Models that have already been downloaded and converted will be skipped, so it should be safe to run this script after
every update. Some additional, more specialized models are available using the `--extras` flag.

The conversion script has a few other options, which can be printed using `python -m onnx_web.convert --help`. If you
are using CUDA on Nvidia hardware, using the `--half` option may make things faster.

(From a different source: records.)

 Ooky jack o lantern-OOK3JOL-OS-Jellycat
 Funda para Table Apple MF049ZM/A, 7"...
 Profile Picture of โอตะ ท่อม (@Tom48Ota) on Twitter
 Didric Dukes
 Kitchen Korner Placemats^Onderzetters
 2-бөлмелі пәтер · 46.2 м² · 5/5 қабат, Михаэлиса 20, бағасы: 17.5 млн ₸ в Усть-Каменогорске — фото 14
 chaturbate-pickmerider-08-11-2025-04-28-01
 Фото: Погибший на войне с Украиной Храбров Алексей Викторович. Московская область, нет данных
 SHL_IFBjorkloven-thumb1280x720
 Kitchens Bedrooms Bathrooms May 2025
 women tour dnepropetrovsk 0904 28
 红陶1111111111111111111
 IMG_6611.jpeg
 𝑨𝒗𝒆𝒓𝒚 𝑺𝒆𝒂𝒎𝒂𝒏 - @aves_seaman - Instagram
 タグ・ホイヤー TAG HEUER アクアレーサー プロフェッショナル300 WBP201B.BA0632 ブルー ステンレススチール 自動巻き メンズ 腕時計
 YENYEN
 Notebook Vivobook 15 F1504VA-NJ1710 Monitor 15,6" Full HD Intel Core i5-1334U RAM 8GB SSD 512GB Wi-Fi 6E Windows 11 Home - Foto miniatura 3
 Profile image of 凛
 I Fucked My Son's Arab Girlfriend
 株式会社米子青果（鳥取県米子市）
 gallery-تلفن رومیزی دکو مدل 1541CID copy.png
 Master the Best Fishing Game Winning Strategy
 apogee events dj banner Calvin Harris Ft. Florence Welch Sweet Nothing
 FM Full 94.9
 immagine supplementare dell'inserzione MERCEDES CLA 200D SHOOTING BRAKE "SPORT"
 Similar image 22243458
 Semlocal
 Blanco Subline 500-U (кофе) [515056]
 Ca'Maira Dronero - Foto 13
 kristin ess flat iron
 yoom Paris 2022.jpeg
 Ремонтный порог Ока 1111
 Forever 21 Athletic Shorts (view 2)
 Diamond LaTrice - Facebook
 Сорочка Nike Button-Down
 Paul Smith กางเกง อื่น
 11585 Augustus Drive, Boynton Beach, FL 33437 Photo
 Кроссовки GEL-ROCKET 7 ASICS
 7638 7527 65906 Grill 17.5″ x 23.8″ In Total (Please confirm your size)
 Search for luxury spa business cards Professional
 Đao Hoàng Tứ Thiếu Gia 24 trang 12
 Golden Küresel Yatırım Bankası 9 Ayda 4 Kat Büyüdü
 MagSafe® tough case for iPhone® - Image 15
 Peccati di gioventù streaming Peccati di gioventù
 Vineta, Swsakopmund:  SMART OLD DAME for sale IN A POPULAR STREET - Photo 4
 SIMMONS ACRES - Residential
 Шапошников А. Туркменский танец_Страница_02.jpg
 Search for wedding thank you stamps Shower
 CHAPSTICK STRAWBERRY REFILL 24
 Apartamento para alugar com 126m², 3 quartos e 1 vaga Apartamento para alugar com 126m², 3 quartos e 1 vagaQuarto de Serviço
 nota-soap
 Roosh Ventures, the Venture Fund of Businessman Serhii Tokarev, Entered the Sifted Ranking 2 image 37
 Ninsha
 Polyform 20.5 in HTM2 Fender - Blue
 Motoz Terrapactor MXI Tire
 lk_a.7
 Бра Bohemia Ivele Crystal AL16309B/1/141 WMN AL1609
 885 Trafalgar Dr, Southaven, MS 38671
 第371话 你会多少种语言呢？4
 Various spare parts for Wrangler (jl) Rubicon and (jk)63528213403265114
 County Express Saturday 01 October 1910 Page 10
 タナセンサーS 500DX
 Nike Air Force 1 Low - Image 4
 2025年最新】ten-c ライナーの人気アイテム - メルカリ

This will take a little while to convert each model. Stable diffusion v1.4 is about 6GB, v1.5 is at least 10GB or so.
You can skip certain models by including a `--skip name` argument if you want to save time or disk space. For example,
using `--skip stable-diffusion-onnx-v2-inpainting --skip stable-diffusion-onnx-v2-1` will not download the Stable
Diffusion v2 models.

### Test the models

You should verify that all of the steps up to this point have worked correctly by attempting to run the
`api/test-setup.py` script, which is a slight variation on the original txt2img script.

If the script works, there will be an image of an astronaut in `outputs/test.png`.

If you get any errors, check [the known errors section](#known-errors-and-solutions).

## Usage

### Running the containers

OCI images are available for both the API and GUI, `ssube/onnx-web-api` and `ssube/onnx-web-gui`, respectively. These
are regularly built from the `main` branch and for all tags.

While two containers are provided, the API container also includes the GUI bundle. In most cases, you will only need to
run the API container. You may need both if you are hosting the API and GUI from separate pods or on different machines.

When using the containers, make sure to mount the `models/` and `outputs/` directories. The models directory can be
read-only, but outputs should be read-write.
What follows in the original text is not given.